▶ **Data section**
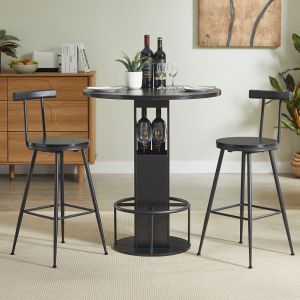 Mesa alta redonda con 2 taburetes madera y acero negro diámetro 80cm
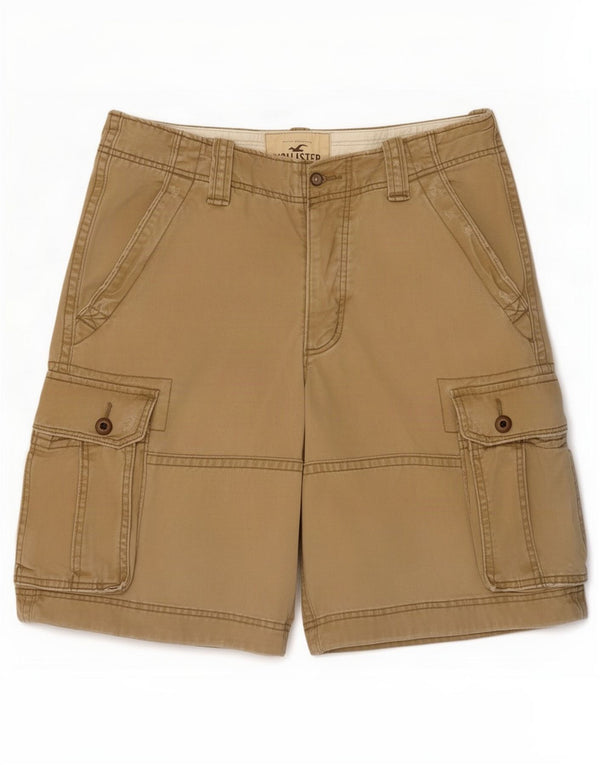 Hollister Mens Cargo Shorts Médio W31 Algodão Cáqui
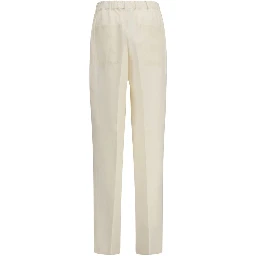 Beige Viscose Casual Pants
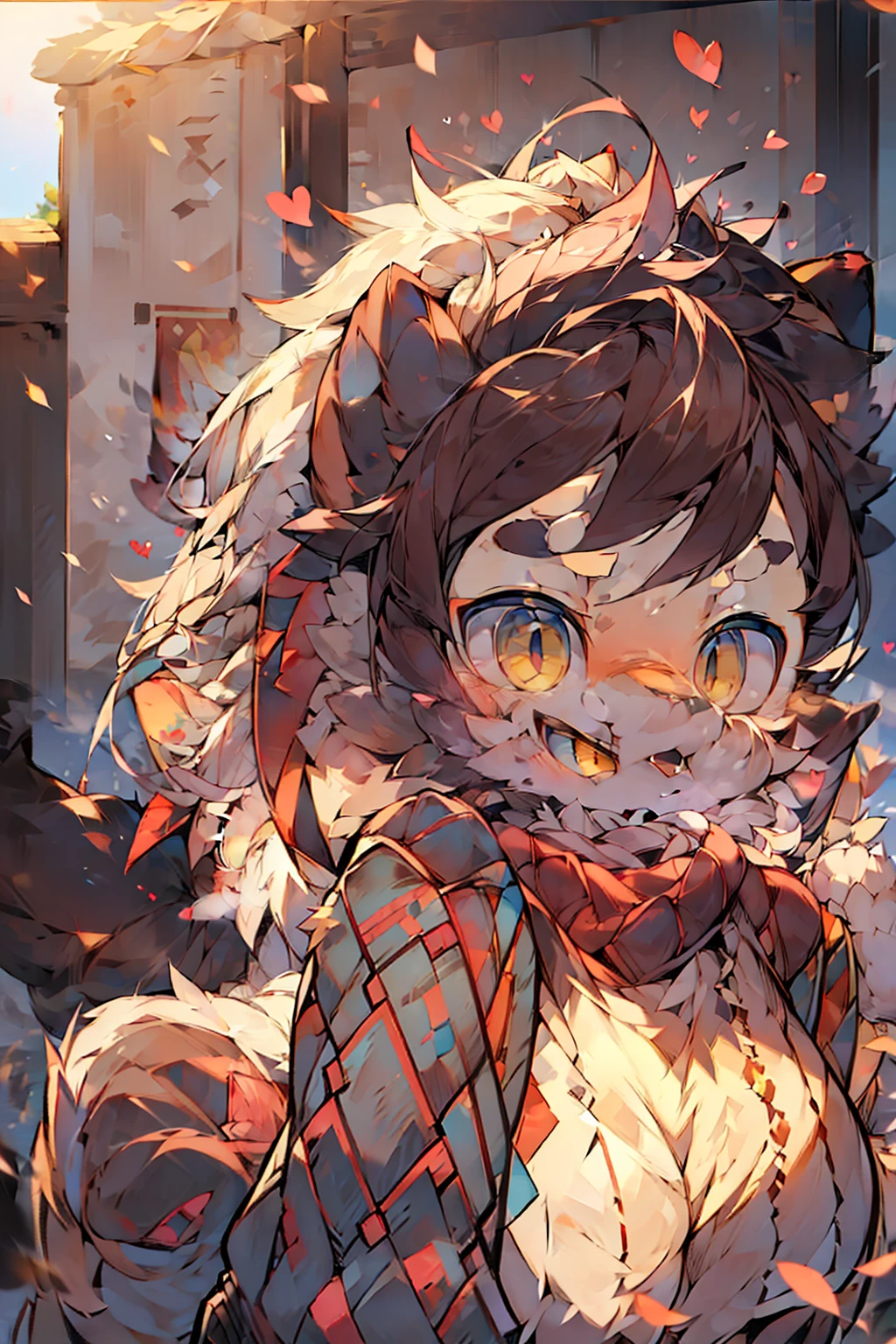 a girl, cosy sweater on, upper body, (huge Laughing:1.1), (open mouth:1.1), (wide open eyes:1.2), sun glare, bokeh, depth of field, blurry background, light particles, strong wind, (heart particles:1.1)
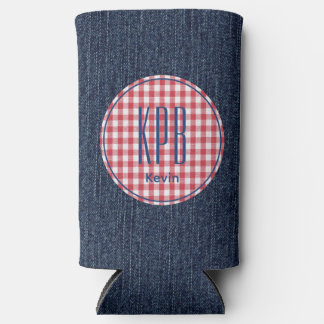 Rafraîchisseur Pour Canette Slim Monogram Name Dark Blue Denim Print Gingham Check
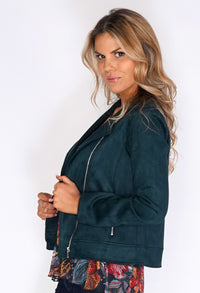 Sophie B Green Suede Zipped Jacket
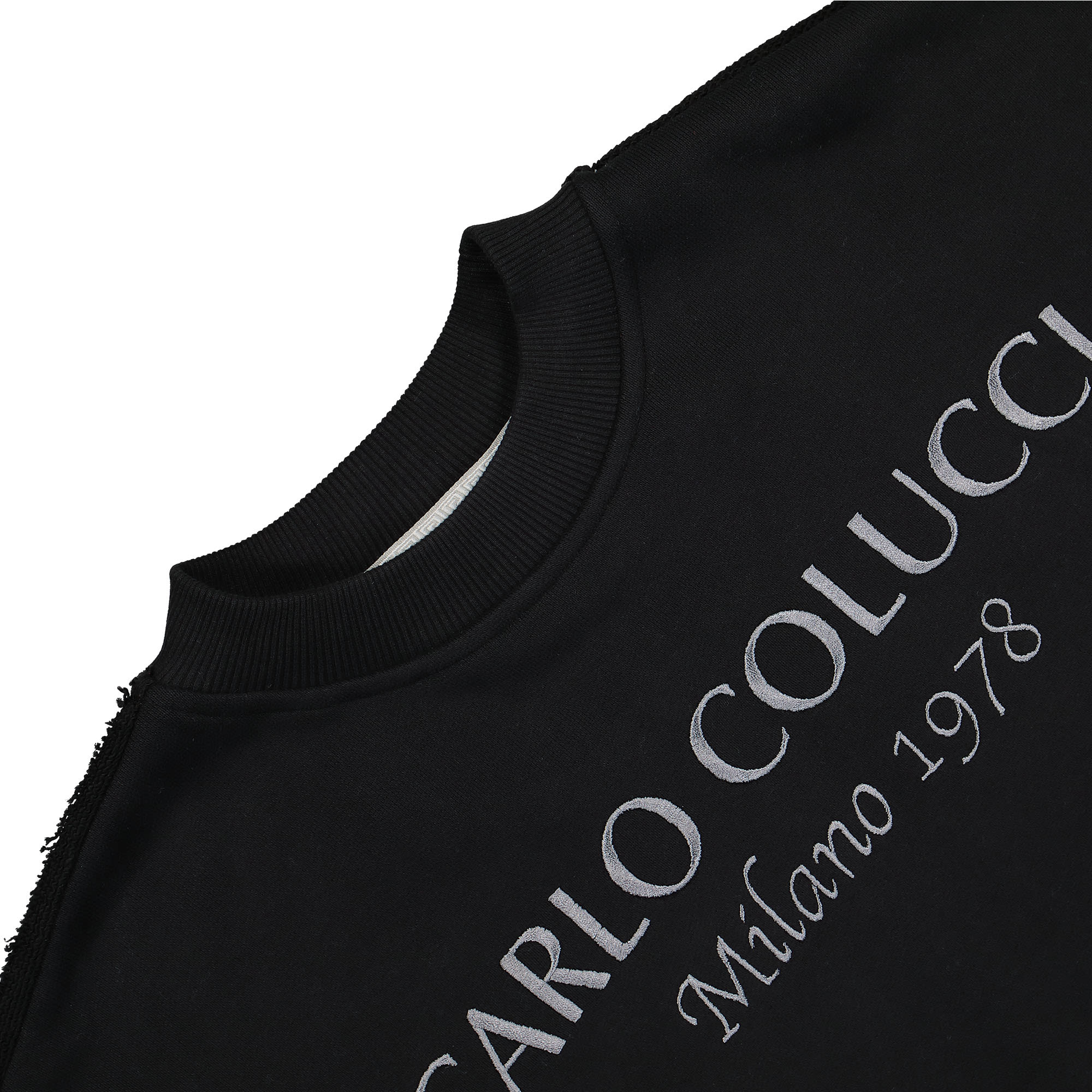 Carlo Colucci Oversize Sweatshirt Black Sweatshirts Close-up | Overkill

* * *

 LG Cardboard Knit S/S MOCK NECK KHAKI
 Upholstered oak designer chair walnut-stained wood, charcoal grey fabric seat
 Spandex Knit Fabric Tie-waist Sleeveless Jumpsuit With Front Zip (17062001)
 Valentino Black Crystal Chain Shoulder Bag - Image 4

▶ **Exercise brief**
Could you write out, exactly as they stand, only the lines above that begin at the line with "Spandex Knit Fabric" and stop after the line with "Valentino Black Crystal"?

▶ **Answer to this problem**
 Spandex Knit Fabric Tie-waist Sleeveless Jumpsuit With Front Zip (17062001)
 Valentino Black Crystal Chain Shoulder Bag - Image 4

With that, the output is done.